Housing has been in the news lately, with a few “green shoots” of news. Most recently, home prices ticked upward last month, even though they’re down compared with a year ago. Many analysts are reading this as a sign that the worst is behind us, and we could be in for a quick recovery.
Don’t be so sure.
We Won’t Foreclose… For Now
First, there’s one important fact that most analysts have forgotten, or at least aren’t revealing.
That is, the six largest lenders - businesses like Citibank (C), Bank of America (BAC), etc - and Fannie (FNM) and Freddie (FRE) got together earlier this year and declared a three-month moratorium on foreclosures.
They all agreed, they’d stop foreclosing houses for a quarter, to try to give the economy a little breathing room.
Now, what would you expect from such a move? Reduce supply, and prices should rise.
And that’s exactly what happened. In fact, given the lack of foreclosures… historically low interest rates… and the government’s $8,000 tax credit for new homebuyers, the extremely modest increase in prices should tell you just how sick the sector really is. Under normal circumstances, we’d have a bubble starting.

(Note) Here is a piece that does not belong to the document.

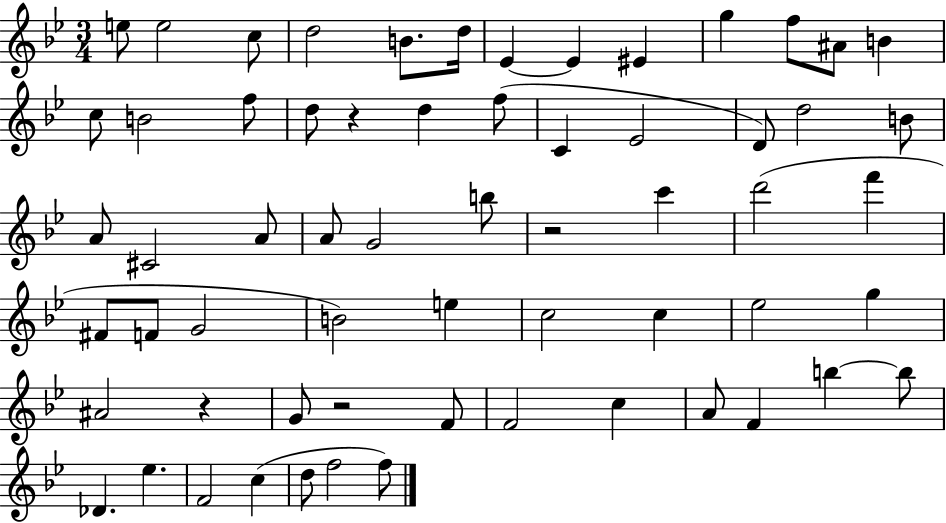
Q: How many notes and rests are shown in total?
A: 62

The moratorium ended in April… and homeowners who couldn’t make payments for the typical 90-day grace period are just going under now. We’re about to see a mini-wave of foreclosures, which will likely knock the price back down in a hurry.

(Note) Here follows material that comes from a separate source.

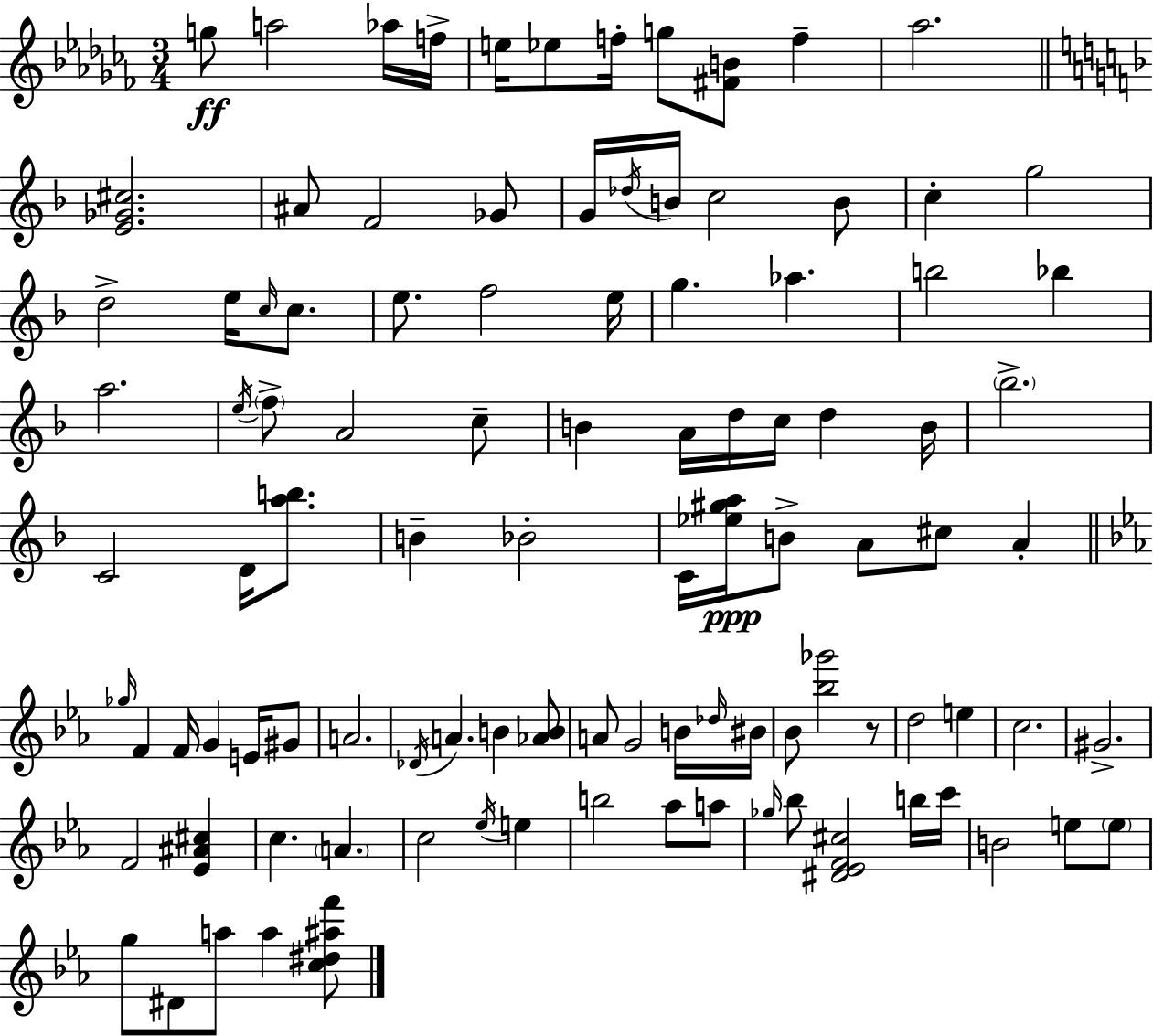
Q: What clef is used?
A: treble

Grab a Beer, The Commercial’s Coming
That, of course, isn’t even including commercial real estate troubles. As consumers stop consuming, businesses have been shrinking, malls are being abandoned… and everyone’s still waiting for the bad news to really hit the bottom line of real estate companies.
There’ve already been a few high profile bankruptcies - like up-and-coming retailer Steve and Barry’s, and mainstays like Circuit City and Linen’s And Things - which are contributing to very high vacancy rates. General Growth Properties, one of the largest owners and operators of malls in the country, went bust earlier this year… but other businesses haven’t followed that path yet. Thus far, commercial real estate hasn’t hit a crisis like residential real estate did.
That may or may not continue. Until that plays out, I wouldn’t want to be near real estate.
Even The Good Bets Are Going Bad
And, of course, we have the problem of multiple ARMs being readjusted in the coming years… through 2011. At this point, all the sub-prime group is washed out… but the Alt-prime and, yes, straight-up prime foreclosures haven’t hit yet.
They’re starting to. With 12.5% of all homes already in foreclosure, the percentage of new foreclosures has shifted from 49% sub-prime a year ago, to 58% prime today.
Simply put, too many people took out ARMs that they can’t afford at the new rates… and, with unemployment officially just under 10% - and unofficially over 20% - even the best loans aren’t a guarantee anymore. Lose your job, then lose your unemployment benefits - as around 150,000 people did last week - and you can’t afford your mortgage, no matter how reasonable it was a few years ago.
Where Will We Get Demand?
Finally, while foreclosures are going to help increase the supply of houses on the market… where’s the demand going to come from?
The housing bubble hoovered in all interested parties. If you wanted to buy a house, you did it sometime this decade.
Now, who’s going to buy? The family that just got foreclosed? Doubtful - even if a bank would lend to them again, they just got burnt, their credit is shot (so rates will be sky-high), they’ve lost most or all of their worth in the lost house, and they were having financial difficulties to begin with (or else they’d still have the house).
The newly employed? There’s just about none of them - with unemployment in the double-digits in most markets, and everyone fearful for their job - not to mention the fact that, once fired, workers are having immense difficulties finding new employment - no one’s about to splurge on a huge purchase that will hang over your head for 30 years.
Sure, there’s a small, conservative portion of the population that saw housing was going crazy, sat on the sidelines, and now are getting great deals with great interest rates and government grants encouraging them to buy.
There aren’t many of those folks. In 2005, almost 70% of people owned their own home - with the remaining 30% mostly low-income or no-income renters who wouldn’t be able to afford a home, regardless of how good a deal they got.
Housing Hasn’t Recovered
In short, we’ve got to see a sustained recovery - with a falling unemployment rate - before we’re going to see any real recovery in housing. Foreclosure moratoriums and government grants may pump up interest in the short-term, but it can’t last.
Come December 1st - when the $8,000 government credit program ends - expect homeowners to suffer again (and it doesn’t help that winter is usually the dead period for real estate, anyway). Our recommendation - go short REITs and homebuilders before then, and enjoy the fall.
Good targets are KB Home (KBH), up 35% so far this year, and Vanguard REIT ETF (VNQ), up 28% over the past 3 months. Both are due for pullbacks, as the mirage of the housing recovery gets exposed.